━━━ Exercise material ━━━

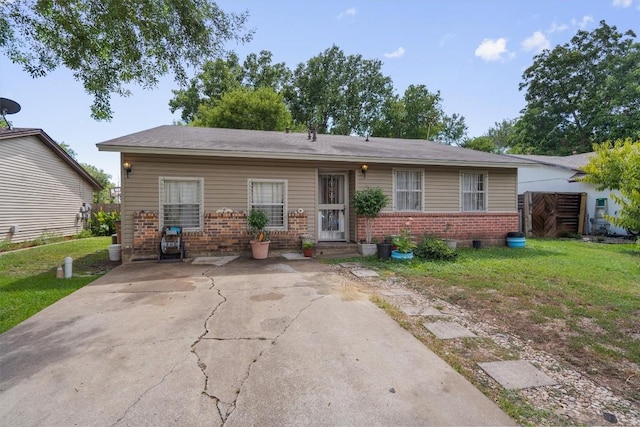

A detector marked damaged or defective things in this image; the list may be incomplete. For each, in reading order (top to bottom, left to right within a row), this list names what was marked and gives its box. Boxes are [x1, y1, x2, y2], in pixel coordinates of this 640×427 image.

cracked driveway [0, 256, 512, 426]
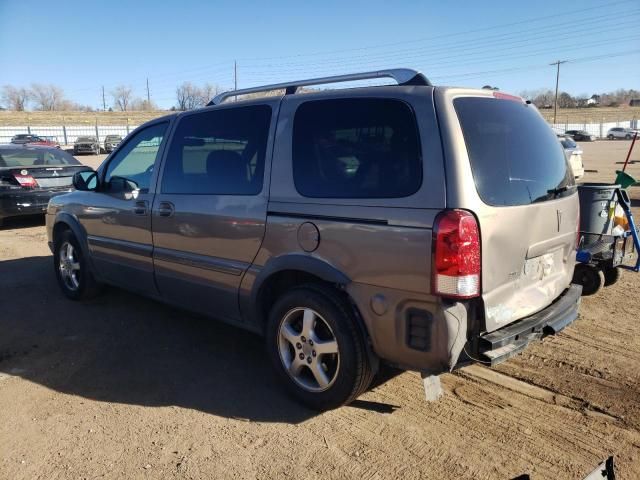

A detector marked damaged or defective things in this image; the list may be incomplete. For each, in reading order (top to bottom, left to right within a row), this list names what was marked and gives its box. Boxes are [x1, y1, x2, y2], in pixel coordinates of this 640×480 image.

damaged rear bumper [478, 284, 584, 366]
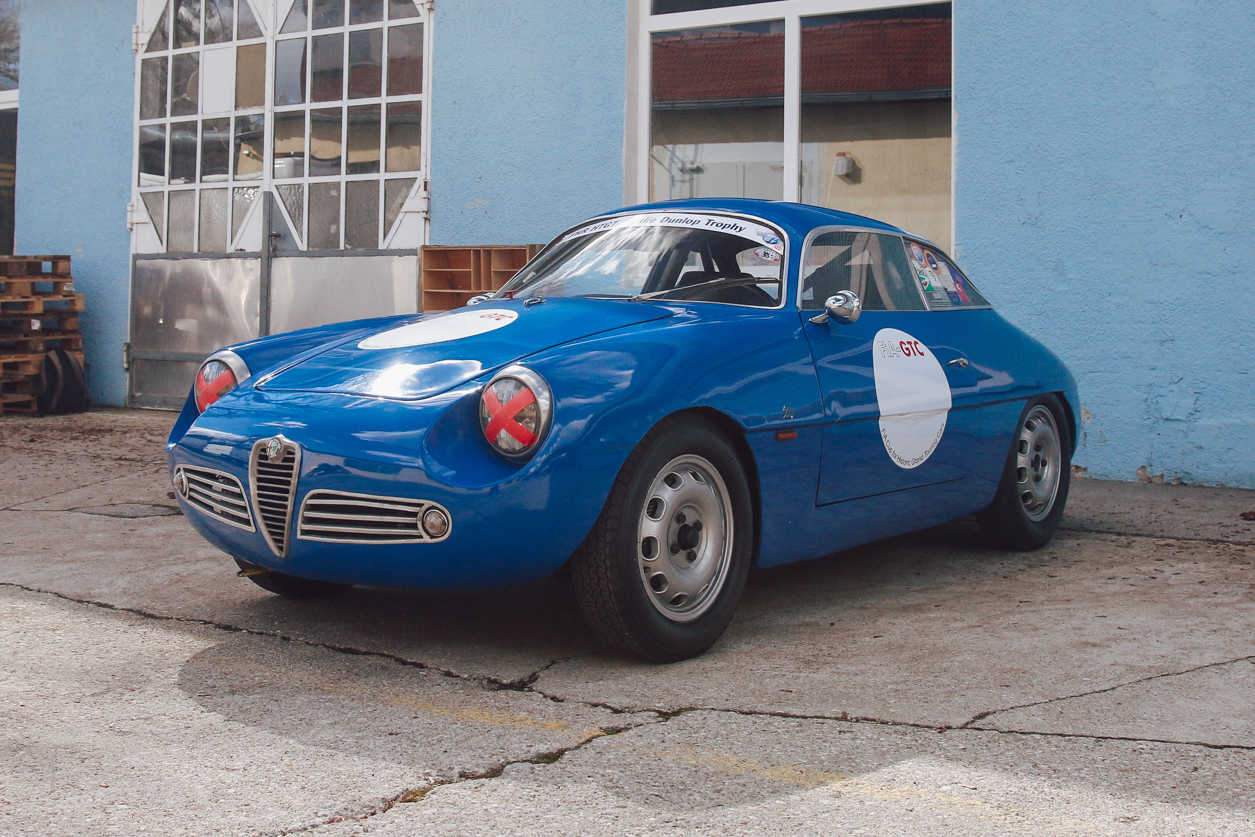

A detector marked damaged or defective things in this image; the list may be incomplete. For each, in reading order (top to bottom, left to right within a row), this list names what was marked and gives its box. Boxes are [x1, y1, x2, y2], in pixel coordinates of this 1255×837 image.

cracked concrete [2, 409, 1255, 833]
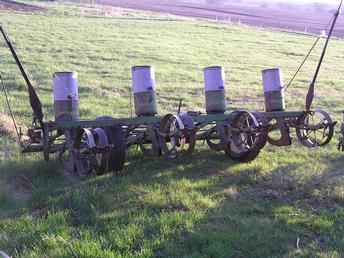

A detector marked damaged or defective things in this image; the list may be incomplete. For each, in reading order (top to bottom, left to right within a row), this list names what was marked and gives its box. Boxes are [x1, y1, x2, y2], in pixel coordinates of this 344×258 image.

rusty metal canister [52, 71, 79, 122]
rusty metal canister [132, 65, 159, 116]
rusty metal canister [204, 66, 226, 113]
rusty metal canister [262, 68, 286, 111]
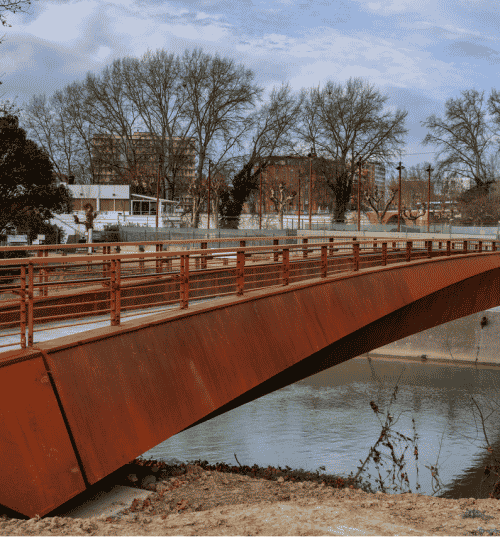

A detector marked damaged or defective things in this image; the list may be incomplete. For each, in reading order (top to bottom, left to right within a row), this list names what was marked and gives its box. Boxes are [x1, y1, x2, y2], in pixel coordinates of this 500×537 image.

rusty steel bridge [0, 233, 500, 516]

━━━

**Task item:** Could you print exactly the lines from the one containing "this 500×537 image." through the last line of the records above?

**Answer for this exercise:**
A detector marked damaged or defective things in this image; the list may be incomplete. For each, in reading order (top to bottom, left to right within a row), this list names what was marked and gives its box. Boxes are [x1, y1, x2, y2], in pixel coordinates of this 500×537 image.

rusty steel bridge [0, 233, 500, 516]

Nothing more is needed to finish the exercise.